Nove persone sono finite agli arresti domiciliari su richiesta del procuratore aggiunto di Palermo Salvatore De Luca e dei sostituti Claudia Bevilacqua e Calogero Ferrara. Le indagini della Polizia ferroviaria e del Corpo di polizia provinciale di Palermo sono iniziate nel 2010. Gli agenti si erano messi a caccia dei possibili ricettatori del rame rubato in grandi quantità in città e provincia. E così scoprirono che alla Fondi Metal confluiva gran parte del materiale raccolto dagli ambulanti tra i rifiuti o nelle discariche abusive.
Il prezioso metallo – non a caso soprannominato “oro rosso” – sfuggiva ad ogni regola sulla tracciabilità e veniva dirottato in due aziende campane. Il volume d’affari illecito era di tutto rispetto ed è stato stimato in due milioni di euro. In azienda, ora sotto sequestro ed affidata ad un amministratore giudiziario, erano tutti mobilitati: dal capo all’ultimo dei dipendenti.
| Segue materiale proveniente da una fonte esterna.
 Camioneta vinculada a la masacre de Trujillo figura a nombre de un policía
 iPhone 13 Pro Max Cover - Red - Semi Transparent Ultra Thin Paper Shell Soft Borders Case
Ecco l’elenco delle persone finite ai domiciliari: Baldassare Marino, 63, amministratore unico della Fondi-Metal srl di Carini, Francesco Paolo Marino, 34 anni (dipendente), Vincenzo Martines, 46 anni (ragioniere), Luigi Morici, 44 anni (dipendente), Vincenzo Marino, 60 anni (socio e dipendente), Domenico Mario Contrò, 60 anni (dipendente), Luigi Di Lorenzo, 60 anni, procuratore della Metal Group srl di Napoli, Antonio Vivacqua, 34 anni, già amministratore unico della F.V. Metalli di Milano, Francesco Alfarano, 49, amministratore unico della Faro srl e della Almet srl, entrambe con sedi in Campania.
“C’è da parte della Procura di Palermo una particolare attenzione al tema dei rifiuti, che in Sicilia costituisce un tasto dolente – ha spiegato il procuratore aggiunto di Palermo, Salvatore De Luca -. Lo smaltimento dei rifiuti è un affare lucroso, uno dei settori in cui si infiltra la criminalità organizzata, anche se in questa operazione non sono emersi elementi in tal senso. A breve a Palermo arriverà la commissione parlamentare d’inchiesta sul ciclo dei rifiuti”.